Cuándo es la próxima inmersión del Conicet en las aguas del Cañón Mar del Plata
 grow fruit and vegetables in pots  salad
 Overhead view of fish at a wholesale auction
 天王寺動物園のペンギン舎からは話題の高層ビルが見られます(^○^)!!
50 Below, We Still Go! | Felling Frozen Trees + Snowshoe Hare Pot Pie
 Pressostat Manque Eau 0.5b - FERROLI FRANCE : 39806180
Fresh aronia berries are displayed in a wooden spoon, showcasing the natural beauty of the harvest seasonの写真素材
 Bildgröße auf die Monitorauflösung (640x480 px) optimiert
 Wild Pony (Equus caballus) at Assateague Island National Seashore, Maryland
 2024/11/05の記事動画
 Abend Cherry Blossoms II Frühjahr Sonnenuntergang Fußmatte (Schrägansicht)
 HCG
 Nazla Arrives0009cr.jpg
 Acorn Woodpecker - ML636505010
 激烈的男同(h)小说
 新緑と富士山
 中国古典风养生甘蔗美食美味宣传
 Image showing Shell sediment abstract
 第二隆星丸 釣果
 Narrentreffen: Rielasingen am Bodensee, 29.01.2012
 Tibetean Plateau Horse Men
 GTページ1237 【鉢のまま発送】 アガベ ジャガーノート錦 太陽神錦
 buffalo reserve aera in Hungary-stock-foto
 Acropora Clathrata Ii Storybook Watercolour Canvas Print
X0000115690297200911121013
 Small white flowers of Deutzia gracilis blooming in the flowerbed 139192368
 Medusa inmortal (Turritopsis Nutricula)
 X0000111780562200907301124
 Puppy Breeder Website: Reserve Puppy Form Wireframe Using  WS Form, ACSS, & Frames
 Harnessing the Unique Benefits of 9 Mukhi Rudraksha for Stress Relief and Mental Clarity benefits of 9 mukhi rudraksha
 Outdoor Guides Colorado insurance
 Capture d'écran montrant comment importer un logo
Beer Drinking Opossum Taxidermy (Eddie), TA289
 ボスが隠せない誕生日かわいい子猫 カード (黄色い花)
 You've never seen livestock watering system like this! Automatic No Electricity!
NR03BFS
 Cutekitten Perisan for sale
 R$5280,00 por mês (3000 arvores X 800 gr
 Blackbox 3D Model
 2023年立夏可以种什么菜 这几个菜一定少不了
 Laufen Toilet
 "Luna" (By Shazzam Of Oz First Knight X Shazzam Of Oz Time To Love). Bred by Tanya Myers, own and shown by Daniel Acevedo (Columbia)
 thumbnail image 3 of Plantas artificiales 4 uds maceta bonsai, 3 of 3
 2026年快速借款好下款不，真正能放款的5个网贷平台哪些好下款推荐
---
Lines wanted from the listing above: the line with "Harnessing the Unique" up to and including the line with "ボスが隠せない誕生日かわいい子猫 カード (黄色い花)". Please write them out exactly, adding nothing else.

 Harnessing the Unique Benefits of 9 Mukhi Rudraksha for Stress Relief and Mental Clarity benefits of 9 mukhi rudraksha
 Outdoor Guides Colorado insurance
 Capture d'écran montrant comment importer un logo
Beer Drinking Opossum Taxidermy (Eddie), TA289
 ボスが隠せない誕生日かわいい子猫 カード (黄色い花)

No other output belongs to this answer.